Well if you get the gasifer good and hot first maybe the cat will be able to eat.
I hate ants once they get started you have a devil of a time getting rid of them and the ones around here tend to eat wood. Needless to say I don’t think wood should be wasted on ants.
Ha, just like people. A few are carrying while others are only “running around”. Probably talking about what “we achieved”
Are those stinging Fire Ants? I pour boiling water into their mounds near the house and in the garden. The fire ant mounds in the fields/pasture cause my rotary shredder to shear pins. The stings leave welts, and really hurt. In town, several old folks have fallen down, and been stung by so many ants that they have died.
I’ve used cinnamon to keep ants away. Works good.
The dead ants around my house prefer to eat a paste of sugar and boric acid.
We must have drive on wood ants here in Australia reading and getting idea’s from Koens ones , not a single ant in this newly rebuilt kitchen and yet 1 hour ago outta the blue come a recon unit on a mission , they must be getting idea’s from somewhere !
Oldest daughter got her hunting licence resently. First score yesterday - a capercaillie.
In a month moose hunt starts.
That looks like a pretty high caliber rifle to be using on a bird. Doesn’t it blow the bird all to pieces.TomC
isn’t that what they called a "flying meatgrinder? "
It’s a 6.5 mm, which is a popular allround caliber for all wild life here. All the way from bird to boar and moose.
On bird, fully manteled ammunition is used. It does no damage, except a tiny hole right through. Se was lucky enough to hit this one in the spine and nothing edible was touched at all.

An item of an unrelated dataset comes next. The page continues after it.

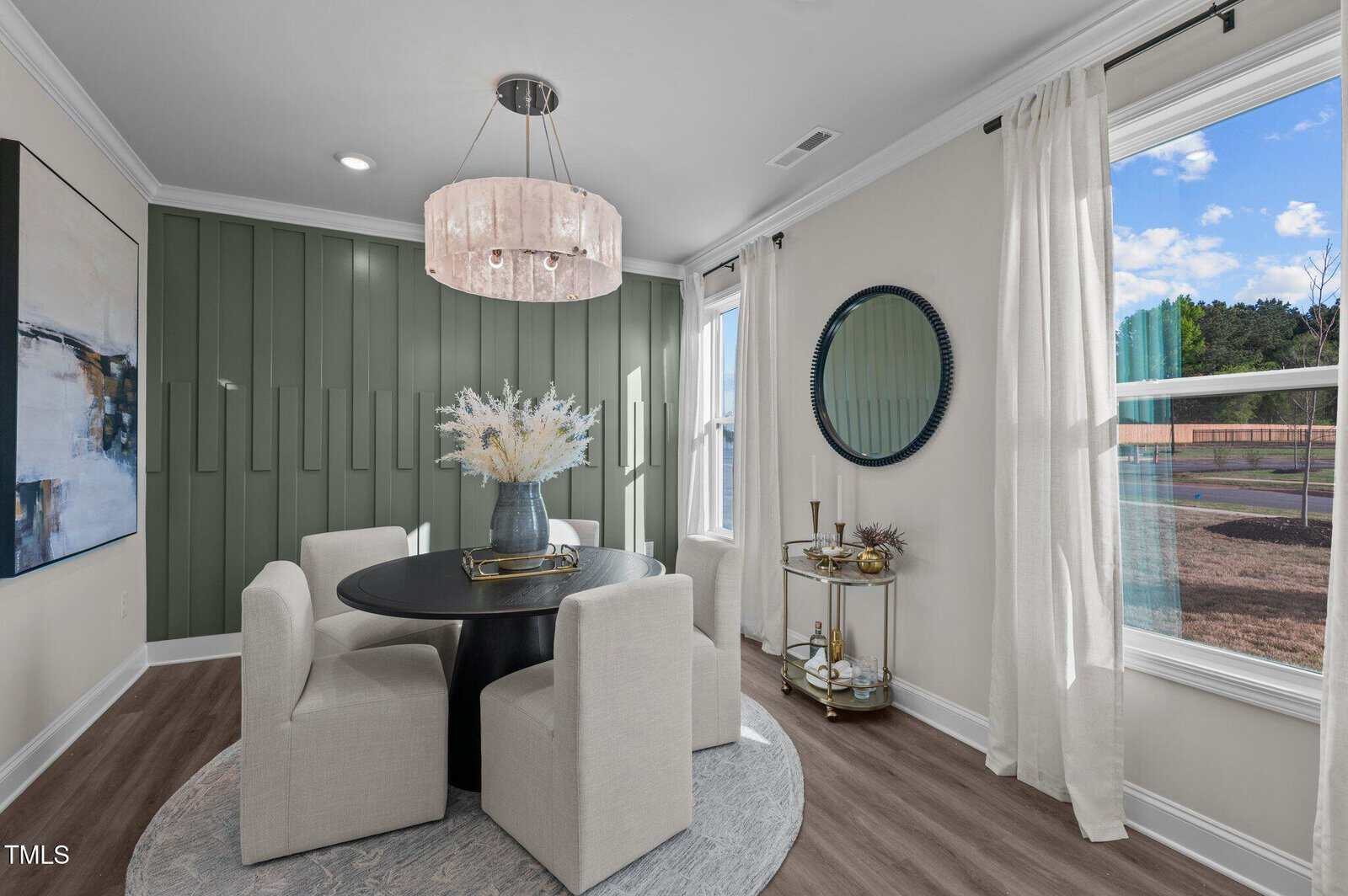 A modern dining area features a round black table with four white upholstered chairs, a vase with white flowers, a green accent wall, a round mirror, a bar cart, large artwork, and two windows with white curtains.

Thats a butyfull bird! Tasty l bet. We call them wild roosters here, preety rare nowdays.
Is the rifle a Anshutz?
“Tjäder” is the Swedish name of the bird. Just a name. Has no translation. The rifle is a Tikka M65 Trapper.
Nice rifle. I had been going to guess an older Sako Finnbar like my LH.
Forest Grouse here (a much smaller bird) are legally high-powered rifle taken here by “rock’ing” them.
They often mooch gizzard grit off of the graveled forest roads. You aim at the road in front of them. Gravel spew up to kill them. Sure fire kill technique. Saves the meat. This is usually done during big game season, so a missed grouse head shot will get you nothing except crowed-at.
No; really. The forest crows boom-frightened will alarm away the big game for half a day.
Women knowing guns has been my last 30 years goal. (Ha! Then they do not need-a-man. But free then to choose-a-man.)
tree-farmer Steve unruh
Down here people soak corn in strawberry jello. Hogs go wild for it.
I have a back corner of my field which just doesn’t get enough sun to dry this time of year. I baled it up today 2 days after cutting the rest of the field was bone dry but there where maybe 6 bales in that corner which looked like you just mowed it minutes before baling. Needless to say my cows where really happy to get the fresh second cut grass for dinner. Just a few fun photos of them covered with their fresh grass because they wouldn’t get out of the way long enough to let it hit the ground.
Life goes on. Been off the site for a couple weeks. Very busy trying to get things together to go to Africa. Apparently the embassy in D.C. is demanding a form that no one in Congo even knows exists. After sending people to three major cities, we finally found someone who either knew what the paper was, or was willing to make it up. Anyway, thought we were ready to go until we got the paper across the Atlantic only to find out that they put the wrong date of birth down for me. Apparently they think I am 102 years old and want to go to the jungle. LOL. How many people born in 1916 are still alive? Anyway, we’ll see what happens next.
After the drought it took only a couple of showers and the Karl-Johan mushrooms started popping up like… well, like mushrooms. (Penny bun, Porcini, Karl-Wilhelm fungus, Boletus edulis)
That’s a lot of mushrooms, to me. What are you doing, drying them out? Will they keep after this process, or do you have to can them or something. I have never lived where there were many edible mushrooms, or no one knew enough about them to know what to eat. We have one type that is good, and people pick that one because it has a very distinctive look. How does your wife fix those big ones? Another reason for you to go out to the woods. TomC
Jan, after a Summer drought, we have just had about ten days of light rain, and there are some large mushrooms showing up. How do you know which ones are edible, and which ones might be poisonous? We have always been afraid to experiment…
Billy I sure hope I can do half what your doing when I get to be 102. That is pretty funny.